Quelle histoire de la photographie vous a poussé à vouloir vous aussi, capter les fantômes présents dans votre chambre noire ?
Tout au long de l’histoire de la photographie fantôme de la fin du XIXe et du début du XXe siècle, les occultistes pensaient avoir trouvé une preuve solide de l’existence des fantômes parce qu’un appareil photo, soit un appareil logique, était capable de capturer un phénomène paranormal. Ils ont ignoré le fait que la photographie est éminemment manipulatrice. Les doubles expositions, les effets de lumière ou les retouches d’images étaient les outils magiques des premiers photographes. Sur une photographie fantôme, les occultistes ont vu ce qu’ils voulaient voir.
Mon travail traite cette idée d’objectivité manquée. Cette relation ambivalente entre subjectivité et objectivité, entre le monde réel et les sphères surnaturelles, qui crée de la tension. Les vieilles photographies fantômes sont d’une beauté envoûtante, même si nous savons qu’elles doivent être truquées. Nous acceptons le pouvoir manipulateur de l’appareil photographique afin de chérir cette illusion.
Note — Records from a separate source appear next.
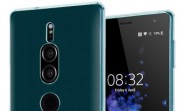 Sony Xperia XZ3 gets portrayed inside various cases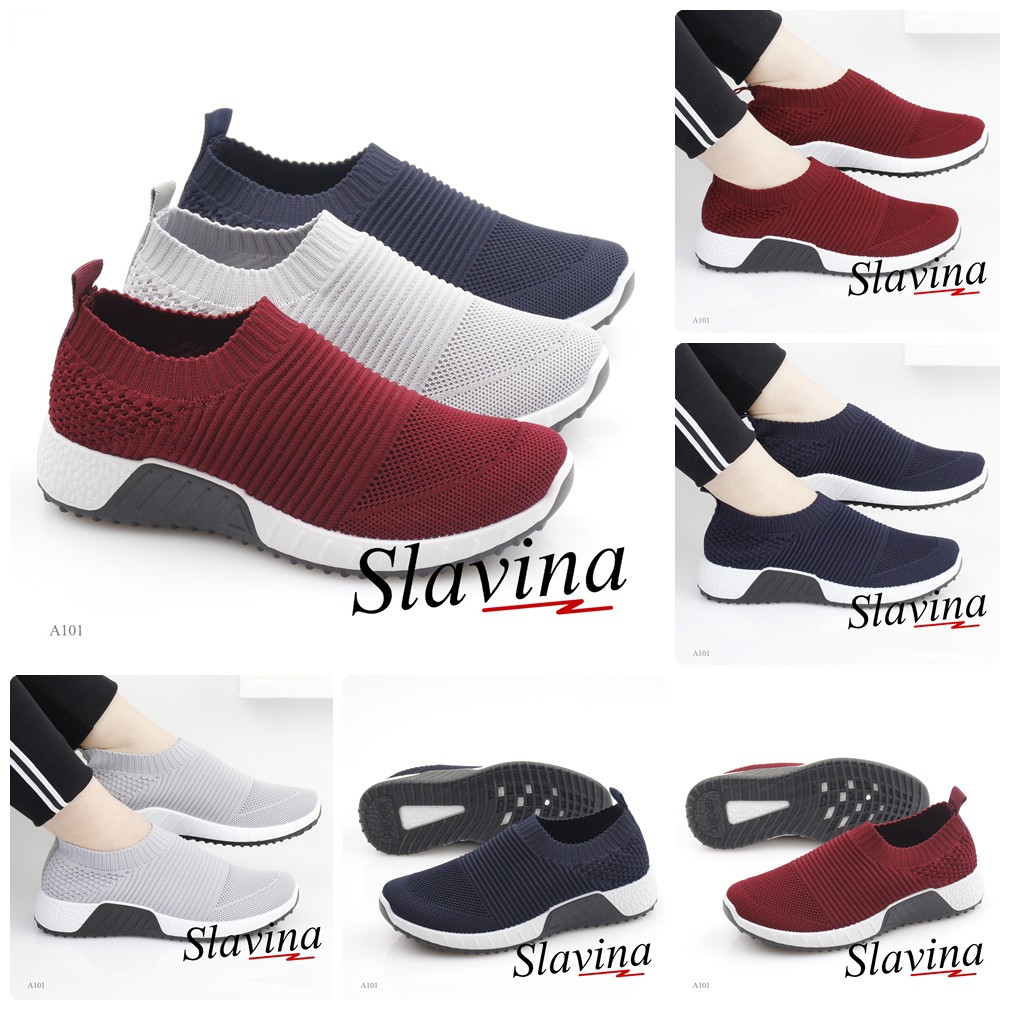 SEPATU SNEAKER SLAVINA #A101_15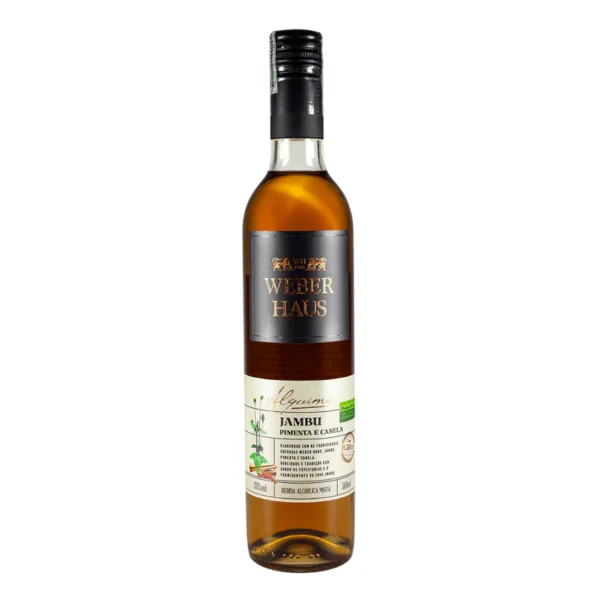Bebida Mista de Jambu, Pimenta e Canela Weber Haus 500ml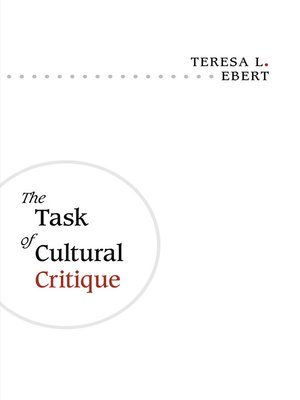 cover image of The Task of Cultural Critique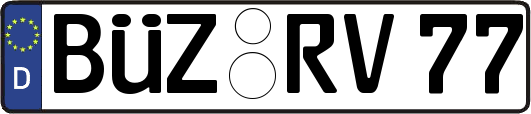 BÜZ-RV77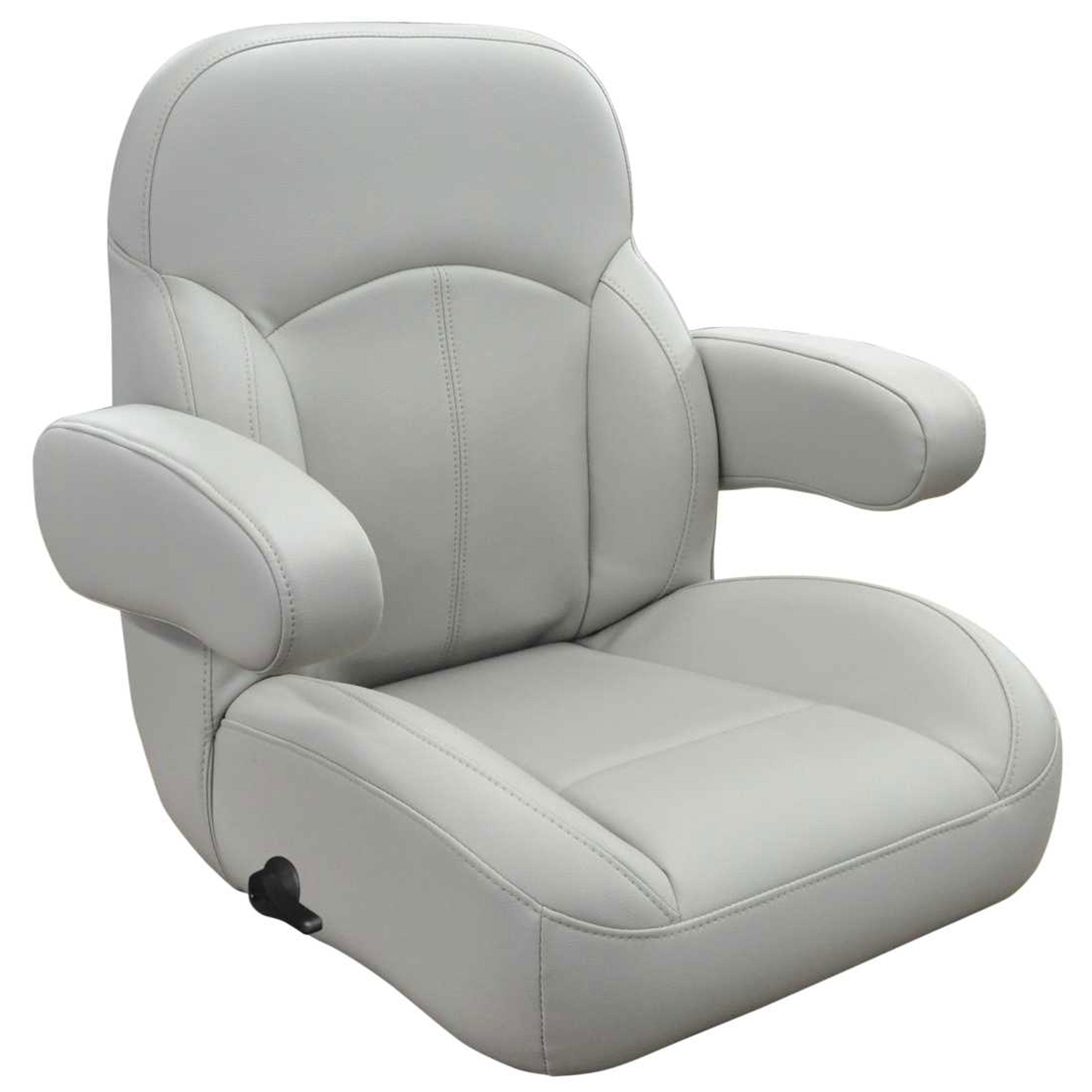 Suite Marine SM9712510109 Boat Seat Captain Chair - Gray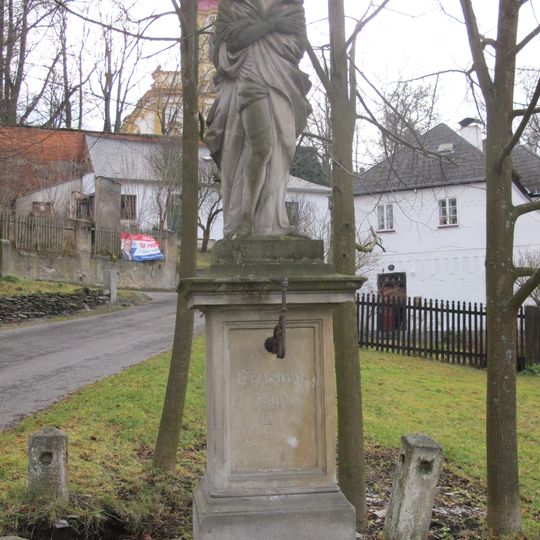 Socha Krista Trpitele v Rabštejně nad Střelou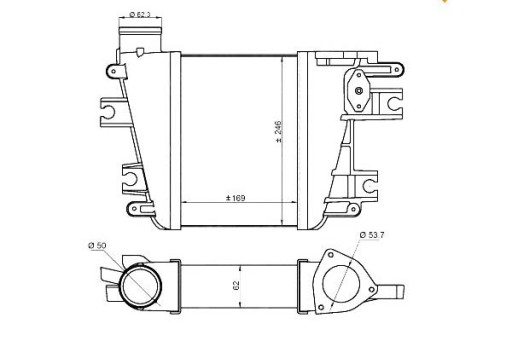 30384/NRF - ІНТЕРКУЛЕР NRF NISSAN PATROL GR 3.0DTI 00-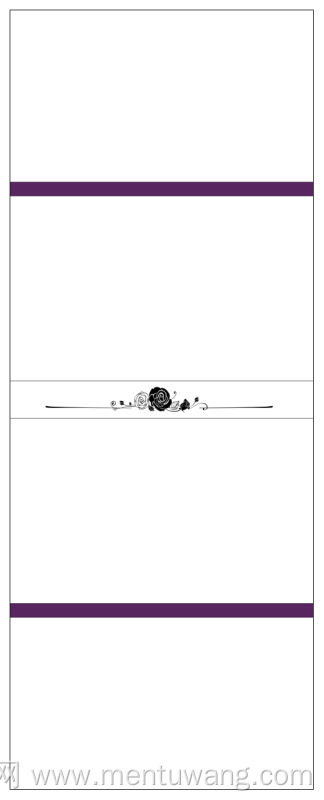  移门图 雕刻路径 橱柜门板  玫瑰  玫瑰腰线    MVP-147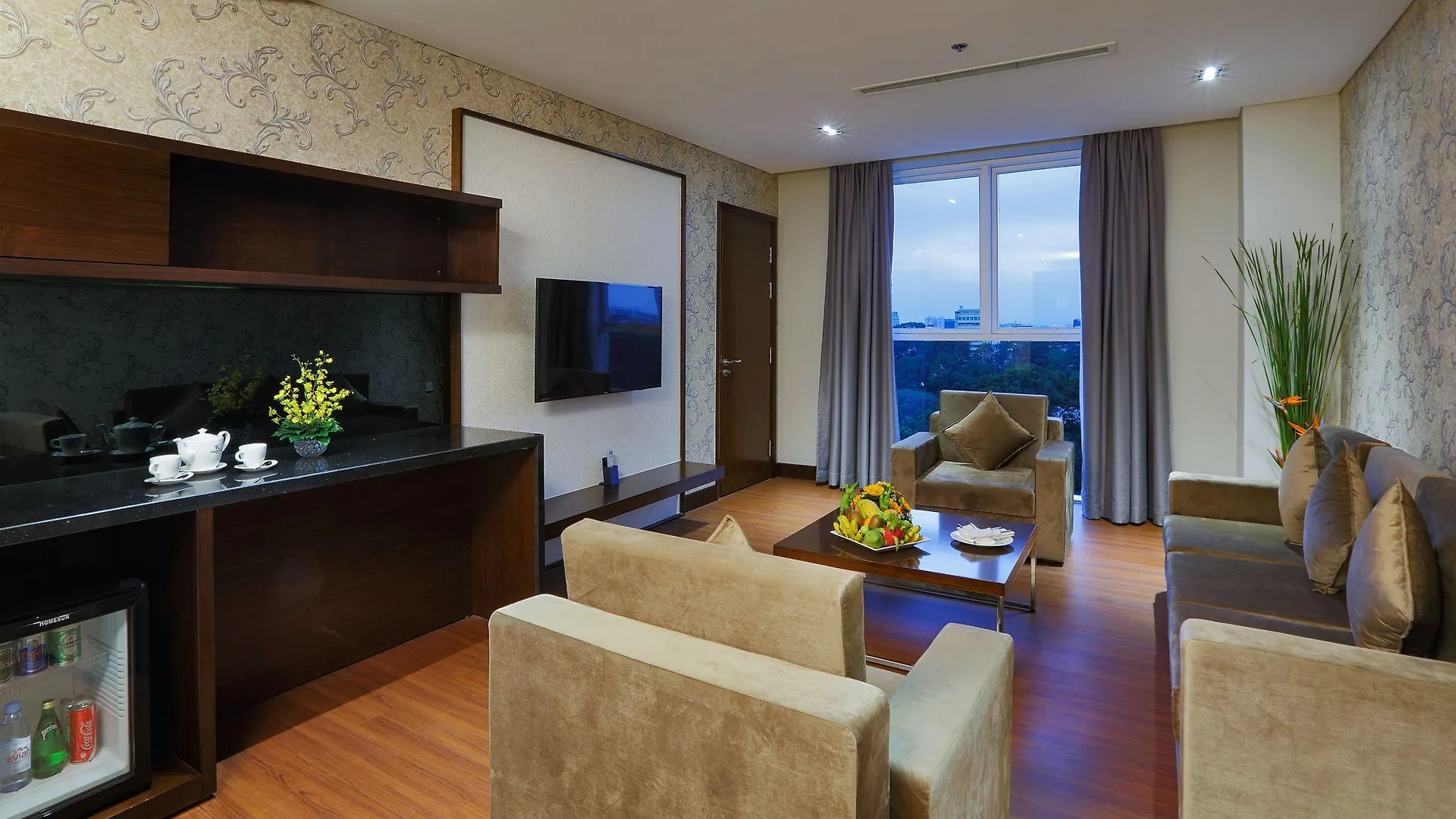 Central Palace Hotel Ho Chi Minh-stad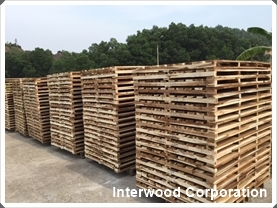 Pallet Gỗ Cho Hàng Hóa Nặng
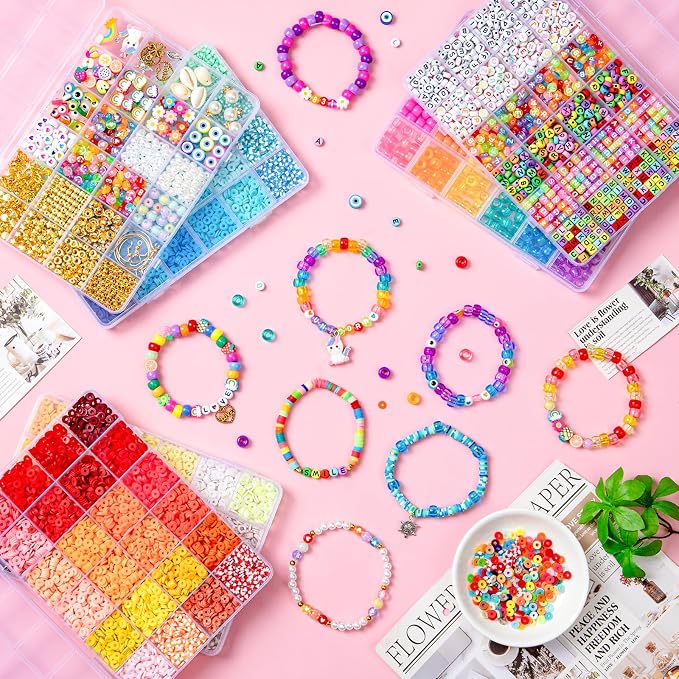 Taybonds Friendship Bracelet Making Kit- 6 Boxes - Image 5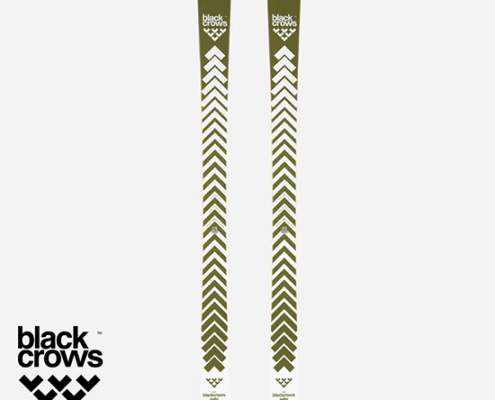 BLACK CROWS-102381-SATO-SKI ALPIN-OLIVE-VERT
La photographie est-elle donc le meilleur médium pour capturer les phénomènes qui nous échappent ?
Vers les années 1840, les spectateurs des premières photographies étaient profondément étonnés de ce qu’ils ont vu. Plus tard, lorsque la photographie aux rayons X a été inventée, il était possible de rendre visible ce qui était normalement invisible à l’œil nu. De nos jours, les capteurs de caméra ont la possibilité d’afficher un spectre presque infini d’informations visuelles. La photographie est également suffisamment sensible pour refléter les idées sur la mort et la façon dont les gens gèrent la perte et le chagrin.
Quant aux vieilles photographies fantômes, je suis, à ce jour, toujours ému en les regardant. Bien qu’elles me paraissent assez naïves, elles portent une vérité profonde sur la photographie. Dans les réflexions de Roland Barthes sur la photographie, il a déclaré que chaque photographie est inévitablement liée à la mort. Le moment capturé est parti pour toujours. Lorsque nous regardons une photographie, nous regardons quelque chose de mort qui revient à la vie en la regardant. Chaque étude d’une photographie est une séance visuelle. Les fantômes du passé sont invités à revenir hanter les vivant.